▸ ACTION ITEM
Find "Nandini Padmukh - 36.3K" below and begin at its line; stop after the line with "#desi #old #saree #gajra #sareelove #trending". Output those lines exactly, without pictures.

▸ EXTRACTED MATERIAL
= Beginning of Section =
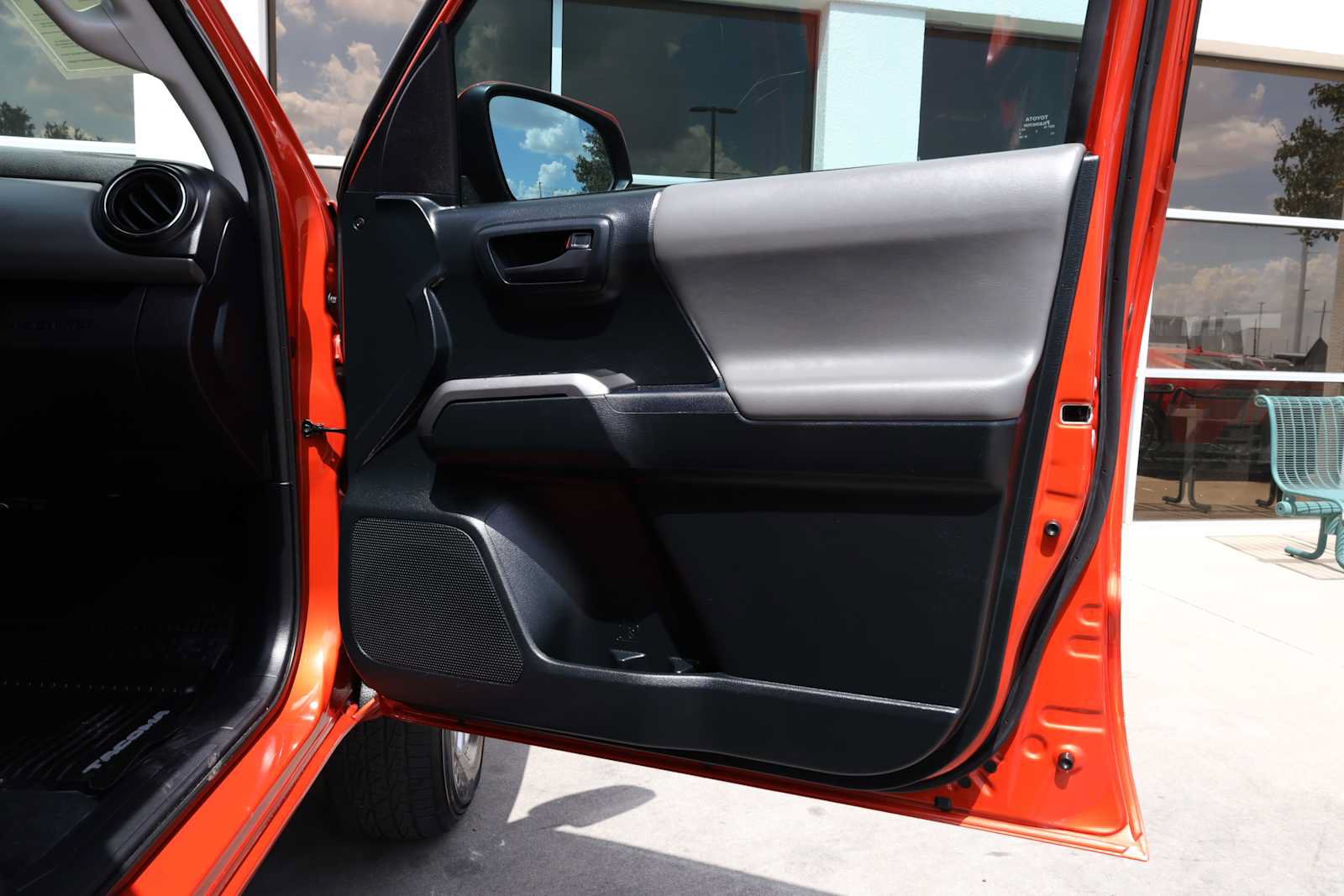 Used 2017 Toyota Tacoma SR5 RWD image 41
= End of Section =
= Beginning of Section =
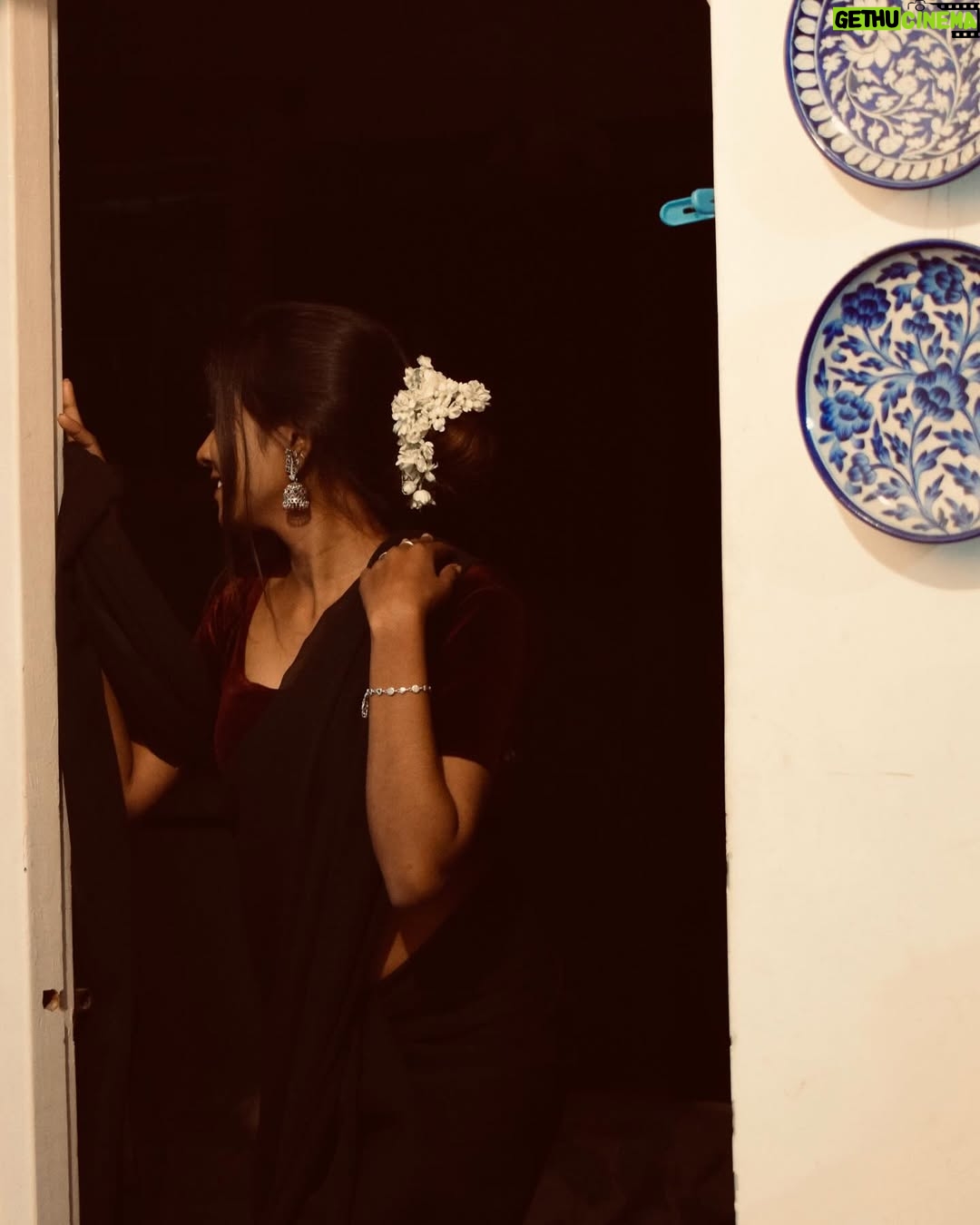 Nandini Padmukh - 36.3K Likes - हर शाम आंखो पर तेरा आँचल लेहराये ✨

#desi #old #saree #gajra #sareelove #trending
= End of Section =
= Beginning of Section =
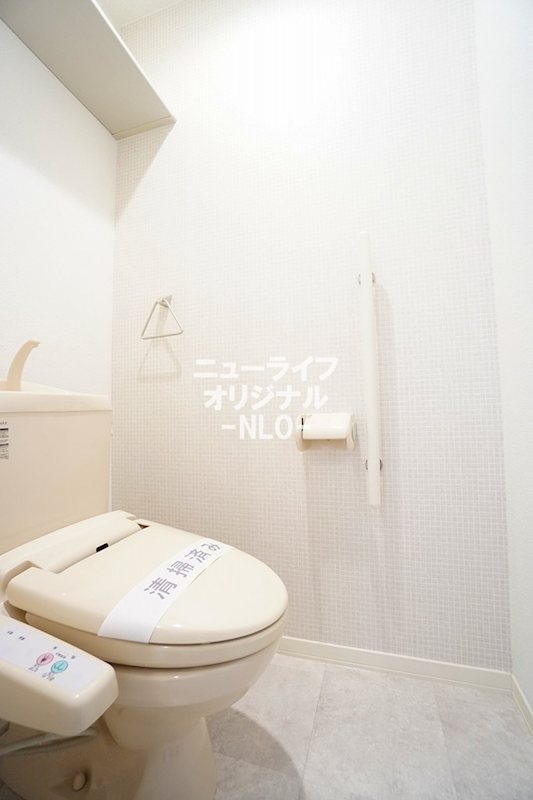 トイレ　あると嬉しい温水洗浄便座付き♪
= End of Section =
▸ SOLUTION TO THIS PROBLEM
 Nandini Padmukh - 36.3K Likes - हर शाम आंखो पर तेरा आँचल लेहराये ✨

#desi #old #saree #gajra #sareelove #trending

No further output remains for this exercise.